Thanks for the help.


I won't deal with the issue of distributional uniqueness. But I can offer some insight into this problem along the lines of what else I've written for you. You should be able to tackle uniqueness for classical settings afterwards.
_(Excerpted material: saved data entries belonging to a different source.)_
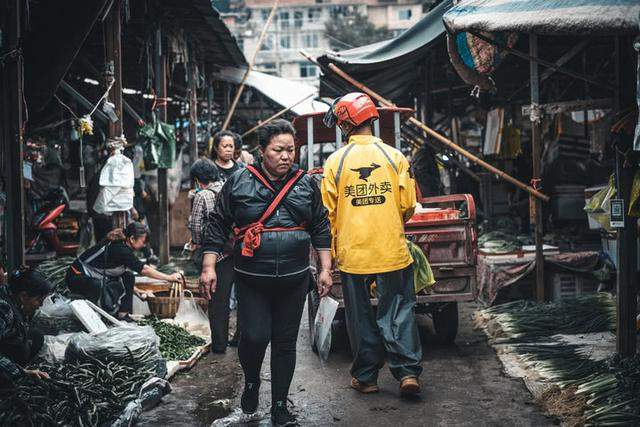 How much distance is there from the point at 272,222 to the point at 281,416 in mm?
1306

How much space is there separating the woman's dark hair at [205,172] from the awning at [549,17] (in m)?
3.11

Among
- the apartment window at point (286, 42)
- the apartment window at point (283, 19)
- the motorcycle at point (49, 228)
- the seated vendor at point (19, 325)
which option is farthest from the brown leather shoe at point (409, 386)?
the apartment window at point (283, 19)

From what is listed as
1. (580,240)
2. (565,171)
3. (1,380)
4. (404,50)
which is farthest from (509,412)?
(565,171)

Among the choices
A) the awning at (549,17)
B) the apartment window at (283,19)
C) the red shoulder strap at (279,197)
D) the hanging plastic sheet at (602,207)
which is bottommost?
the hanging plastic sheet at (602,207)

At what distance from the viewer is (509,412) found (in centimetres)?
512

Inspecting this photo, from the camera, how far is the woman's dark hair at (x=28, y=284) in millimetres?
5922

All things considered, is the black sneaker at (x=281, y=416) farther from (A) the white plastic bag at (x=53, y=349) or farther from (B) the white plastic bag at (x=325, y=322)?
(A) the white plastic bag at (x=53, y=349)

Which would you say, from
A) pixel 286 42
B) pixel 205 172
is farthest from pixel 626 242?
pixel 286 42

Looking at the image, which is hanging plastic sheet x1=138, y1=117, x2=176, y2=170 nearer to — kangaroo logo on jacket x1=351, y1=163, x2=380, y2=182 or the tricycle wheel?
the tricycle wheel

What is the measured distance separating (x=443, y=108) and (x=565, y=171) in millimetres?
5206

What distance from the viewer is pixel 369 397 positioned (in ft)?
18.5

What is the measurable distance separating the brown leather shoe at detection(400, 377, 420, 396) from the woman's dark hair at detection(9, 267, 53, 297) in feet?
9.99

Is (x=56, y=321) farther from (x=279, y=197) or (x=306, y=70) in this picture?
(x=306, y=70)

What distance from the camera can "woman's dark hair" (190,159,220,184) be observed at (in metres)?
7.58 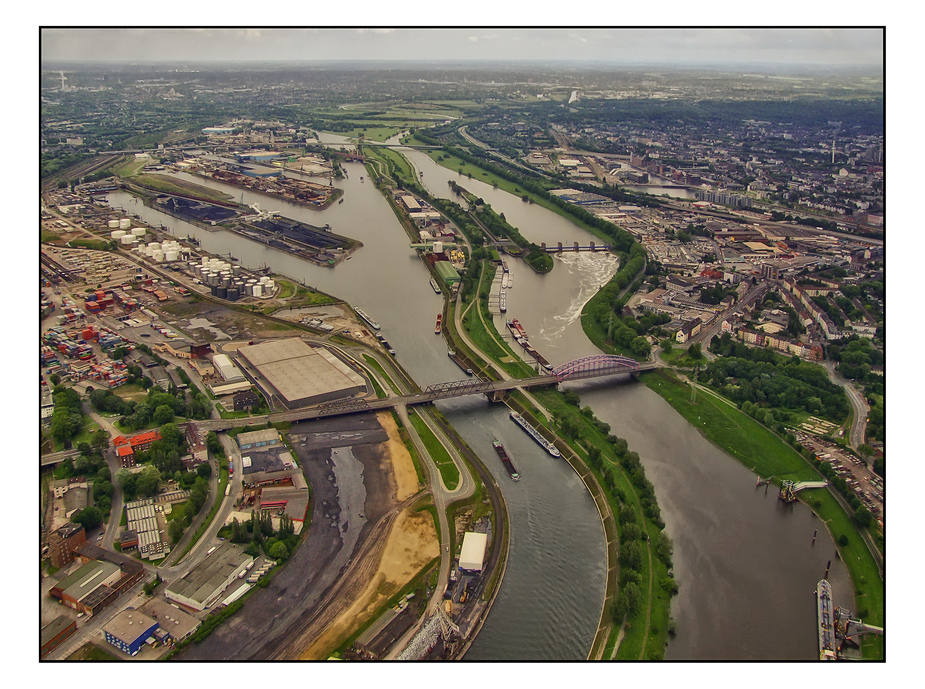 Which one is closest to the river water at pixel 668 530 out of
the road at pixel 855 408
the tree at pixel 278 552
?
the road at pixel 855 408

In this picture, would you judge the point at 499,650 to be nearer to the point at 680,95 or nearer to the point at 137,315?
the point at 137,315

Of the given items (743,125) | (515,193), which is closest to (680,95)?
(743,125)

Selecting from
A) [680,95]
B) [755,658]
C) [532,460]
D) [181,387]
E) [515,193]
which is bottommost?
[755,658]

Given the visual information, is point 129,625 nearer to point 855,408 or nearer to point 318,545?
point 318,545

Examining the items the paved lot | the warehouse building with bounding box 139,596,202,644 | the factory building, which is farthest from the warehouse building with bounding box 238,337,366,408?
the warehouse building with bounding box 139,596,202,644

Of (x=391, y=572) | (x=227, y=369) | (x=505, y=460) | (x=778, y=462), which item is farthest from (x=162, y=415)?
(x=778, y=462)

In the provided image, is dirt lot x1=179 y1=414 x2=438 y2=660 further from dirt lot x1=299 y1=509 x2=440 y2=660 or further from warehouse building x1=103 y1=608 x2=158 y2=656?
warehouse building x1=103 y1=608 x2=158 y2=656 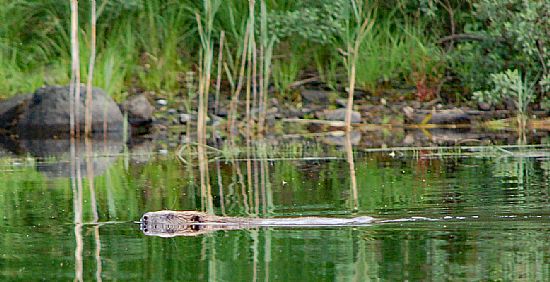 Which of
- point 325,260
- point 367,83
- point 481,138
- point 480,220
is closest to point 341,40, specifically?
point 367,83

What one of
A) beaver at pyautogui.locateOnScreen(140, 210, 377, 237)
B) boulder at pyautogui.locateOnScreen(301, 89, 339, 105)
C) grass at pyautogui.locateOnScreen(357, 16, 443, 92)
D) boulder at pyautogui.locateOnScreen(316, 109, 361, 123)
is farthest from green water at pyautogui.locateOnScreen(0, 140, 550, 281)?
boulder at pyautogui.locateOnScreen(301, 89, 339, 105)

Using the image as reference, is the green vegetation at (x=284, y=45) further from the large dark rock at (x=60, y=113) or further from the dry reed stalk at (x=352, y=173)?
the dry reed stalk at (x=352, y=173)

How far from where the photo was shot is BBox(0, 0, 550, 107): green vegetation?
20750 mm

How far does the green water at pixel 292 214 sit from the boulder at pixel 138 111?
6.49 meters

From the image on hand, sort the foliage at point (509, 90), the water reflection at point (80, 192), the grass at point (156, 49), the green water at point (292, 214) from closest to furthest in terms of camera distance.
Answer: the green water at point (292, 214), the water reflection at point (80, 192), the foliage at point (509, 90), the grass at point (156, 49)

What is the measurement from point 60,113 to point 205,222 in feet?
41.1

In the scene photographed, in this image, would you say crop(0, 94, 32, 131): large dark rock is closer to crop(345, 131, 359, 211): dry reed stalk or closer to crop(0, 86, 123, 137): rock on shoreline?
crop(0, 86, 123, 137): rock on shoreline

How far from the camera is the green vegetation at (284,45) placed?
2075cm

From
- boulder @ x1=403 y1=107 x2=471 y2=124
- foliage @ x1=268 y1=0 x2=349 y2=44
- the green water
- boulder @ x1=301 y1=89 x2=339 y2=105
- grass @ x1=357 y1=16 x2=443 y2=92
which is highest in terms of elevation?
foliage @ x1=268 y1=0 x2=349 y2=44

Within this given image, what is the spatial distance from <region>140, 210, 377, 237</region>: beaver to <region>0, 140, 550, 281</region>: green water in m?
0.14

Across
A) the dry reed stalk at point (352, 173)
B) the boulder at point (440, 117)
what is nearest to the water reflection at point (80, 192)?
the dry reed stalk at point (352, 173)

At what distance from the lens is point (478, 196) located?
9.48 metres

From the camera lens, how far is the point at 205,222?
815 cm

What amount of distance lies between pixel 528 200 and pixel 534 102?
40.6 ft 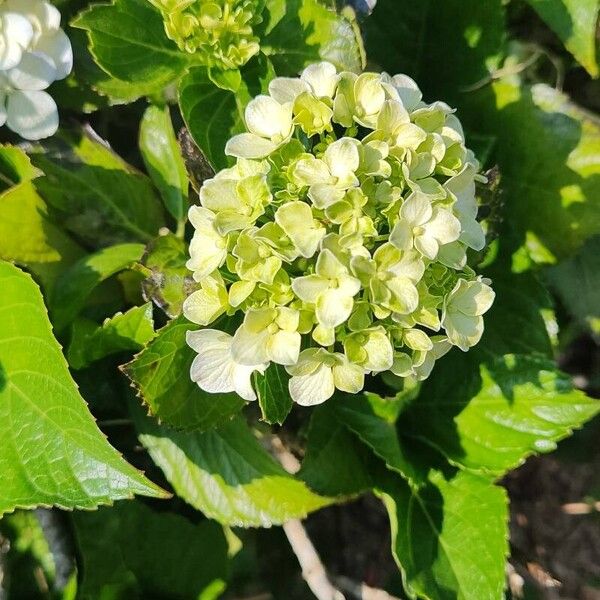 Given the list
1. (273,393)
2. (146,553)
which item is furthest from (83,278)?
(146,553)

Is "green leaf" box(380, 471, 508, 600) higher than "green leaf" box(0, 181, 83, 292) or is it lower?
lower

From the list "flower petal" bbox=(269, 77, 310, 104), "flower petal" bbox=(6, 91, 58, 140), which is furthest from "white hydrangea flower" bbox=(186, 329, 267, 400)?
"flower petal" bbox=(6, 91, 58, 140)

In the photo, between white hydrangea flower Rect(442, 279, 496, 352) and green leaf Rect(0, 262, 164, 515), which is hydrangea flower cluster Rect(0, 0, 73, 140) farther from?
white hydrangea flower Rect(442, 279, 496, 352)

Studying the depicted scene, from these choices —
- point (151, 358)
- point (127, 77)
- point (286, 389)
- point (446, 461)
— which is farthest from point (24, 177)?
point (446, 461)

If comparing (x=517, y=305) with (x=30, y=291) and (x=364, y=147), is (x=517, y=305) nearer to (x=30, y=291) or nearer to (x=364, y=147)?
(x=364, y=147)

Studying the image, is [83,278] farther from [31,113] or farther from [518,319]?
[518,319]

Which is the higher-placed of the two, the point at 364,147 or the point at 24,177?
the point at 364,147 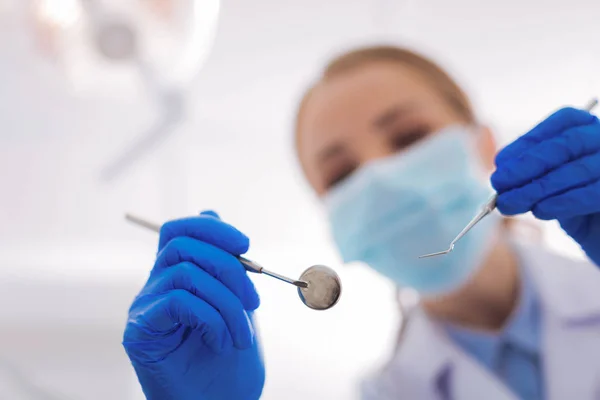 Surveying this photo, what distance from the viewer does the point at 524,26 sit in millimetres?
1532

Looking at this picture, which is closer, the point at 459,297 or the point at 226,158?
the point at 459,297

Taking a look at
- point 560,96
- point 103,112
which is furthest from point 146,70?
point 560,96

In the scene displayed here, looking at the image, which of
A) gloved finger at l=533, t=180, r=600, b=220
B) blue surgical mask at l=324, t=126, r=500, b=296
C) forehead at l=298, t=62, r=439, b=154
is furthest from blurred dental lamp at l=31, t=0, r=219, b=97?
gloved finger at l=533, t=180, r=600, b=220

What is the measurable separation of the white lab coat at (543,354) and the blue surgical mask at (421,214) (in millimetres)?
140

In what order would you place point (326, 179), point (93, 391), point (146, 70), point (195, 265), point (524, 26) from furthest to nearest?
point (524, 26)
point (93, 391)
point (326, 179)
point (146, 70)
point (195, 265)

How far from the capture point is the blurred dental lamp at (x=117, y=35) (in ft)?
3.45

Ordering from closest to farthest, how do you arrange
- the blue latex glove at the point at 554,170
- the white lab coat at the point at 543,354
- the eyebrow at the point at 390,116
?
the blue latex glove at the point at 554,170 < the white lab coat at the point at 543,354 < the eyebrow at the point at 390,116

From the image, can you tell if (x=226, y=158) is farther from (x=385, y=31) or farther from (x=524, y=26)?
(x=524, y=26)

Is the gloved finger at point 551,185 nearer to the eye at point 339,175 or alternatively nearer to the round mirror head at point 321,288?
the round mirror head at point 321,288

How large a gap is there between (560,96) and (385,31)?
20.7 inches

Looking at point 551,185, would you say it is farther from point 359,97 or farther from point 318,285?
point 359,97

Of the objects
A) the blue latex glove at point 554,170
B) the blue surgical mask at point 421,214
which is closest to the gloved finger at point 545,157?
the blue latex glove at point 554,170

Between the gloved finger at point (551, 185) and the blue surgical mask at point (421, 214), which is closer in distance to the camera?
the gloved finger at point (551, 185)

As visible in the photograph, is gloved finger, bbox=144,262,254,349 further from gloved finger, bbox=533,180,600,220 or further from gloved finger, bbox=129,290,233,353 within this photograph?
gloved finger, bbox=533,180,600,220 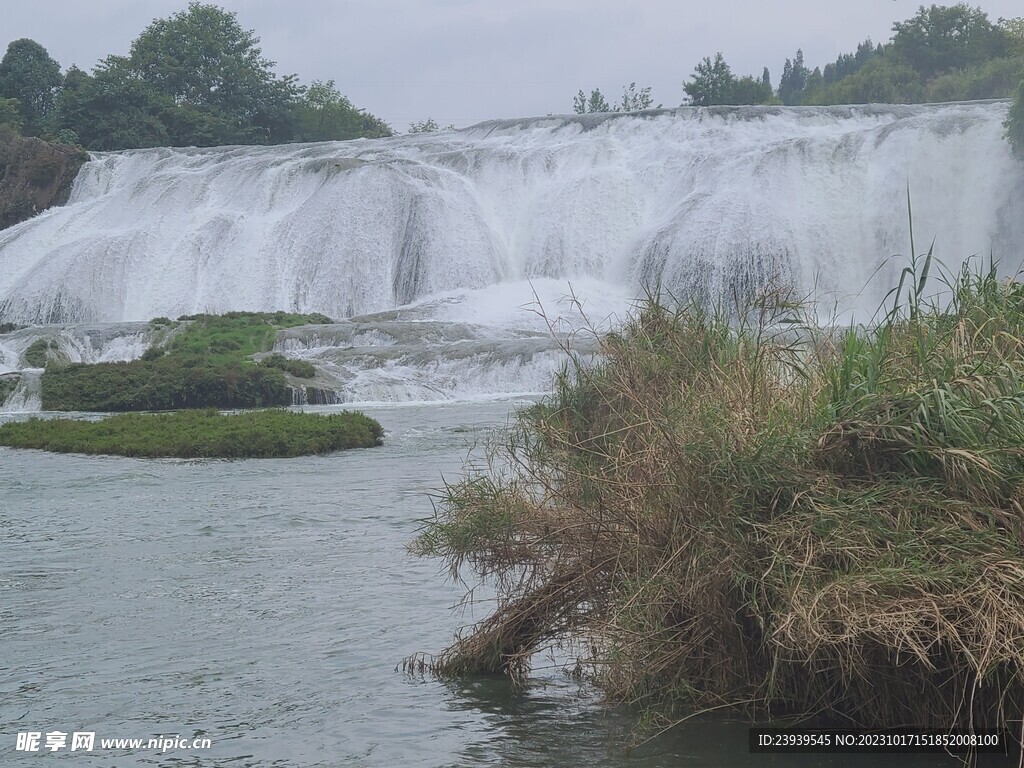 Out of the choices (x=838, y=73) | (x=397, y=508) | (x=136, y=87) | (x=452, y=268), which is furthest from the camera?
(x=838, y=73)

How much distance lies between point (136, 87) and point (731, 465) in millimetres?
58319

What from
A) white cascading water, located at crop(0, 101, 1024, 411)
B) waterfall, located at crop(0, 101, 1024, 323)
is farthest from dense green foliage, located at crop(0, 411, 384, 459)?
waterfall, located at crop(0, 101, 1024, 323)

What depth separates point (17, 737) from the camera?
20.7 ft

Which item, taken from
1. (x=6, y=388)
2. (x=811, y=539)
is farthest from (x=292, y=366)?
(x=811, y=539)

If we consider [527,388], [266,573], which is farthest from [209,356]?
[266,573]

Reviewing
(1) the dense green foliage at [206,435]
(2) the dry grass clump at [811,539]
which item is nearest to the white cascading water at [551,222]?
(1) the dense green foliage at [206,435]

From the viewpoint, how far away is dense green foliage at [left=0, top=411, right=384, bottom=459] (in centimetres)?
1762

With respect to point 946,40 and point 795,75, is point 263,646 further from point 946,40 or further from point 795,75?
point 795,75

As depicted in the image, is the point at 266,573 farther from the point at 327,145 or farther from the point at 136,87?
the point at 136,87

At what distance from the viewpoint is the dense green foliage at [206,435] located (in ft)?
57.8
I'd have to look into distribution theory more to deal with uniqueness there, and I probably won't have time to do that.

Background: Assume $\Omega$ is a bounded, open region with a regular (smooth) boundary (or something similar.) Then the Laplacian has as a unique selfadjoint extension from $C_{c}(\Omega)$ to $\Delta : \mathcal{D}(\Delta)\subset L^{2}(\Omega)\rightarrow L^{2}(\Omega)$. The operator $\Delta$ satisfies $((-\Delta) f,f)_{L^{2}(\Omega)}\ge \lambda_{0}\|f\|^{2}_{L^{2}(\Omega)}$ for some $\lambda_{0} > 0$ and for all $f \in \mathcal{D}(\Delta)$. $\Delta$ has a compact resolvent and, therefore, also has a complete orthonormal basis $\{ e_{n}(x)\}_{n=1}^{\infty}$ of eigenfunctions with $(-\Delta)e_{n}=\lambda_{n}e_{n}$ and real eigenvalues $\lambda_{j}$, $j \ge 1$, satisfying $$ 0 < \lambda_{0} \le \lambda_{1}\le \lambda_{2} \le \lambda_{3} \le \cdots . $$ By the spectral theorem, $f \in L^{2}(\Omega)$ satisfies $\sum_{n}\lambda_{n}^{2k}|(f,e_{n})|^{2} < \infty$ iff $f \in \mathcal{D}((-\Delta)^{k})$. In that case, $\|(-\Delta)^{k}f\|^{2}=\sum_{n}\lambda_{n}^{2k}|(f,e_{n})|^{2}$. It can be shown that $\bigcap_{k=1}^{\infty}\mathcal{D}((-\Delta)^{k})\subseteq C_{0}^{\infty}(\Omega)$. Therefore, if $f \in L^{2}(\Omega)$ satisfies $\sum_{n}\lambda_{n}^{2k}|(f,e_{n})|^{2} < \infty$ for each $k=1,2,3,\cdots$, then $f \in C_{0}^{\infty}(\Omega)$.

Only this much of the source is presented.